Vargas then learned about Count Us In and the work they do to create an equitable political space. From there, she learned of its first Racial Justice Accessibility Fellowship. Vargas applied and went through a rigorous panel interview to join the inaugural class.
“They were targeting a specific group of people, so those of us (most) impacted – those who are BIPOC or Black, or identify as Black. Those impacted by incarceration as well, those within the (disabled) community,” said Vargas.
Count Us In representatives say Indiana has for several years ranked in the bottom five states for civic literacy and voter turnout.
This cohort of Fellows will work to help diverse communities reclaim their power in the voting process, including this year’s mayoral elections around the state – all through knowing their rights, advocating for accessibility voting, voting drives, and more.
“Every single person’s voice matters. It doesn’t matter if they are incarcerated. We learned on a recent call that 90% of people that are incarcerated are actually in pretrial detention,” Nativida Muhammad, a current program Fellow, said.
Muhammad is already working with her team on understanding the curriculum and ways to better advocate.

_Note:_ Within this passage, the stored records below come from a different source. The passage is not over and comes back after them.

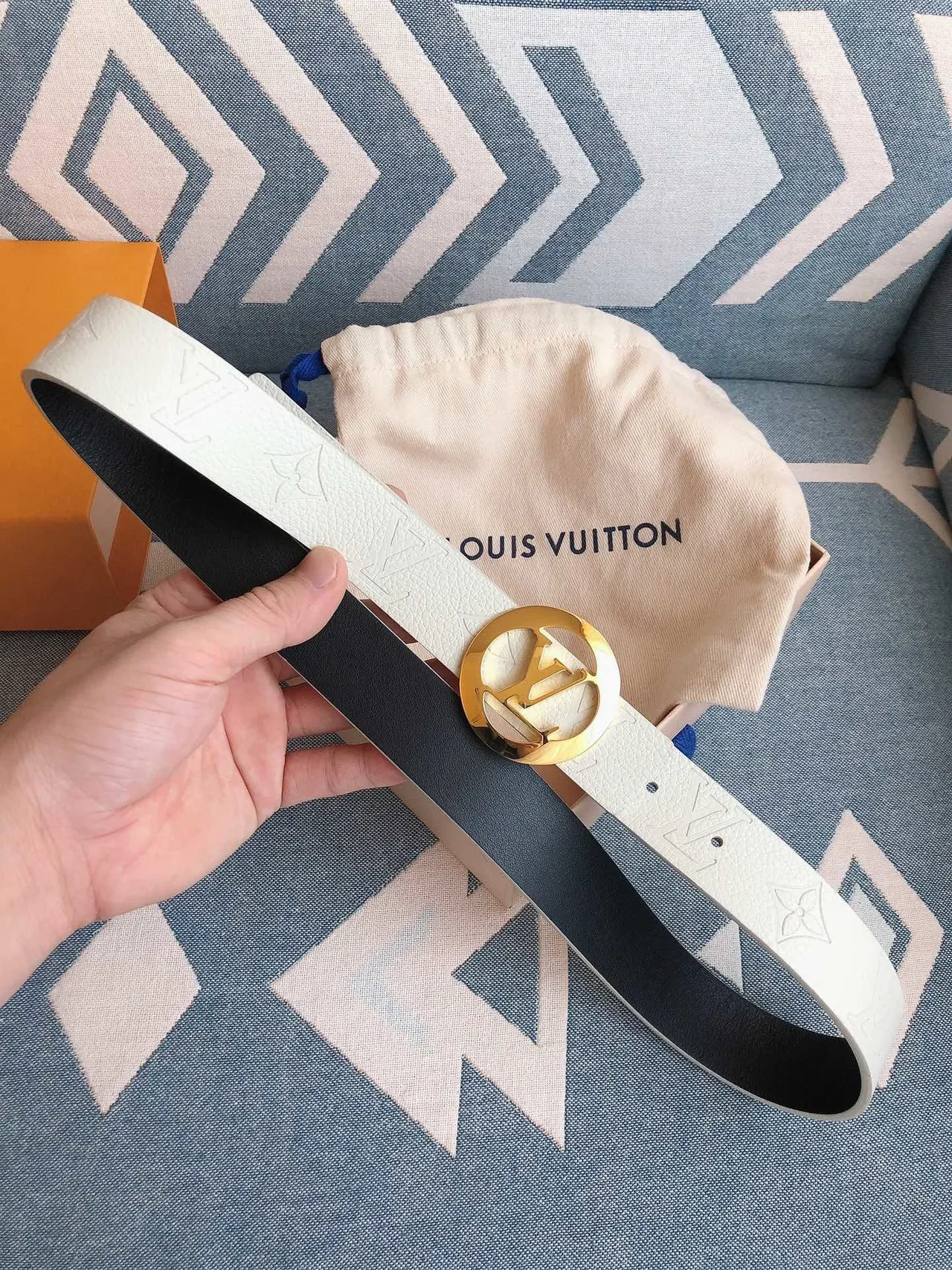 Louis Vuitton LV Circle Beige Gold Embossed Monogram Circular Buckle Leather Belt 5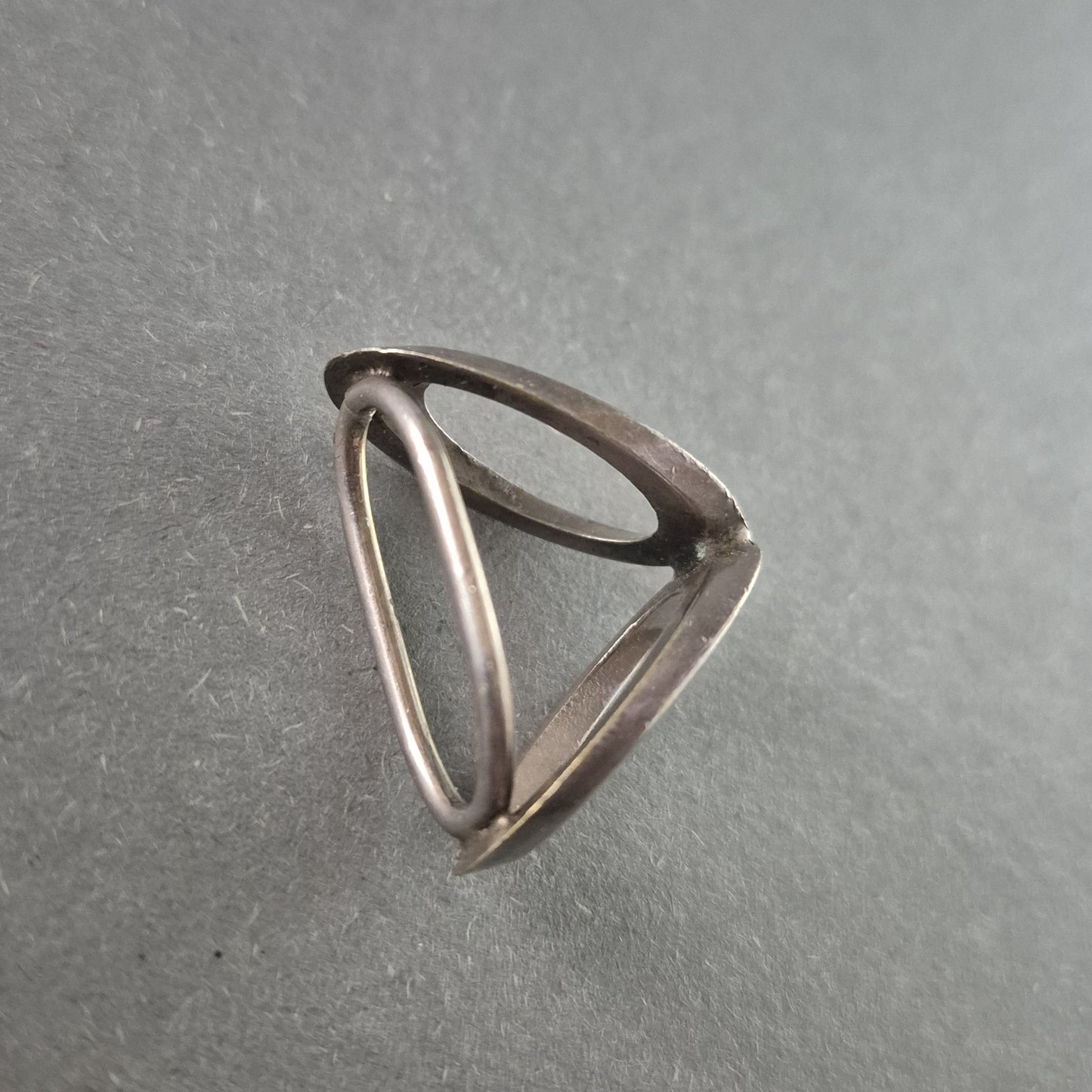 Moderner Silberring mit geometrischem Design – Avantgardistischer Stil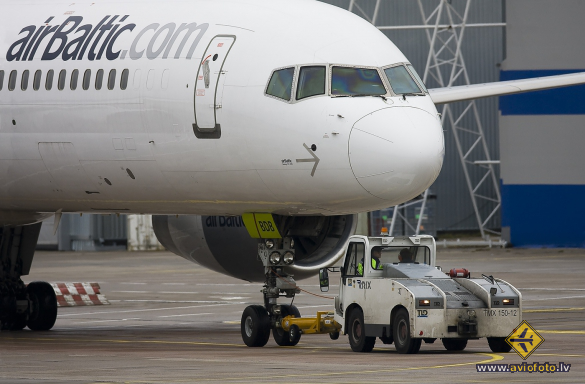 Boeing 757-256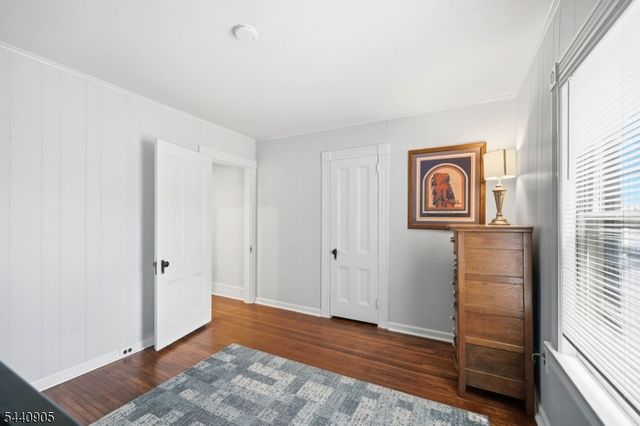 2 Academy St, Newton Town, NJ 07860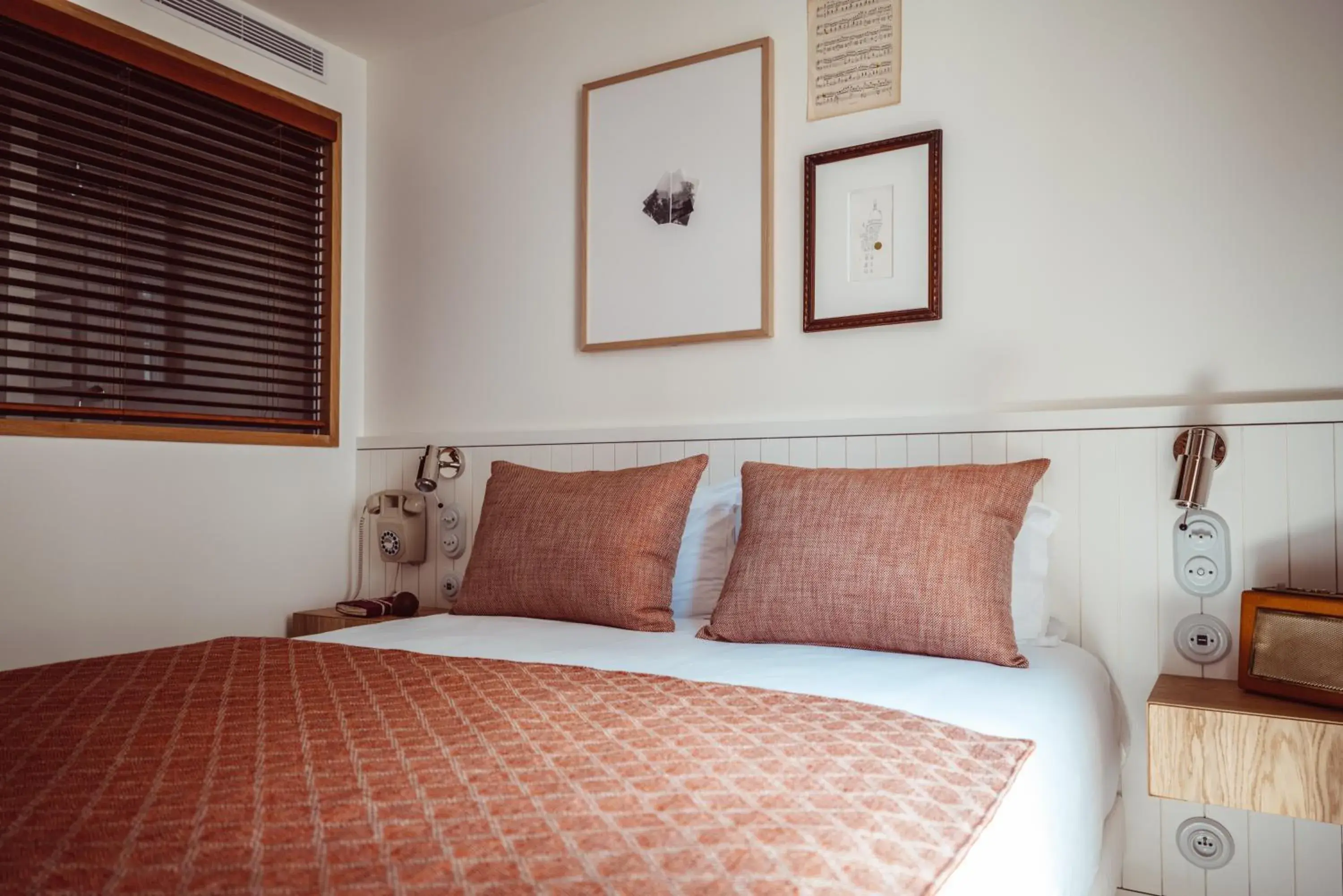 Bedroom, Bed in Hôtel Monsieur Aristide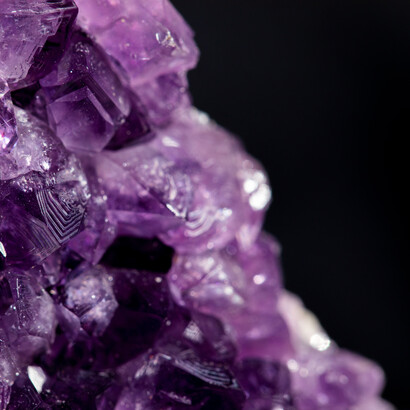Usare cristalli, gemme, pietre richiede una certa sensibilità non rivolta solo bellezza e all’armonia delle forme e colori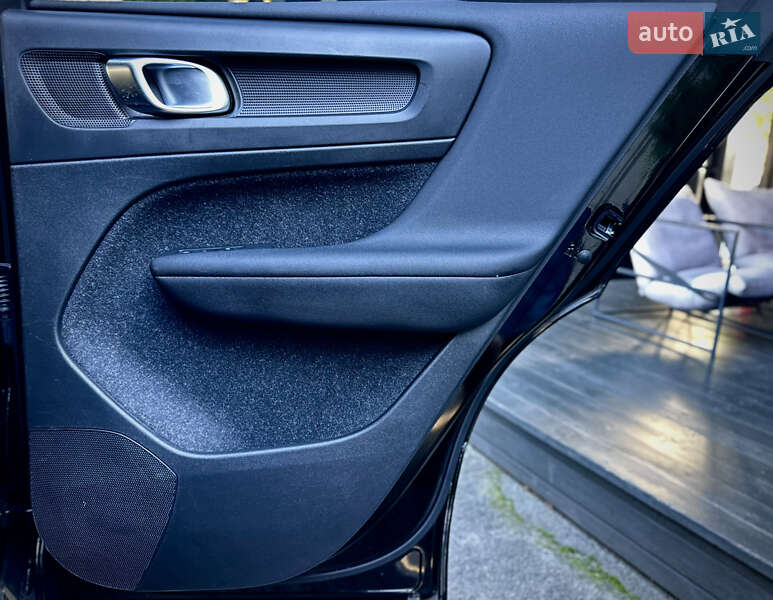 Позашляховик / Кросовер Volvo XC40 2020 в Києві фото 20 Позашляховик / Кросовер Volvo XC40 2020 в Києві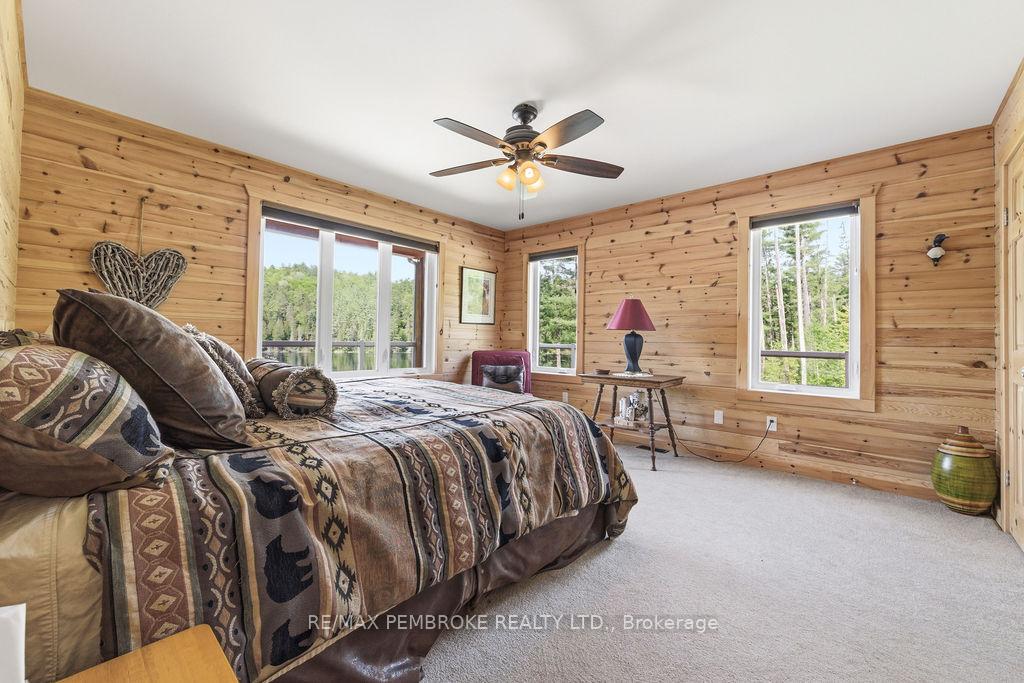 Photo 17 of 208 Red Fox Trail, Head, Clara and Maria, Head Twp — HOMEH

She says she’s passionate about sharing the value and need for every single vote, and working in a team can only further the work being done.
“Networking and coming together, particularly in the Black community is really, really important. And it’s how we get information and spread information and awareness,” said Muhammad.
The last day to register to vote is Oct. 10. Voters are urged to double-check to make sure their registration is still active.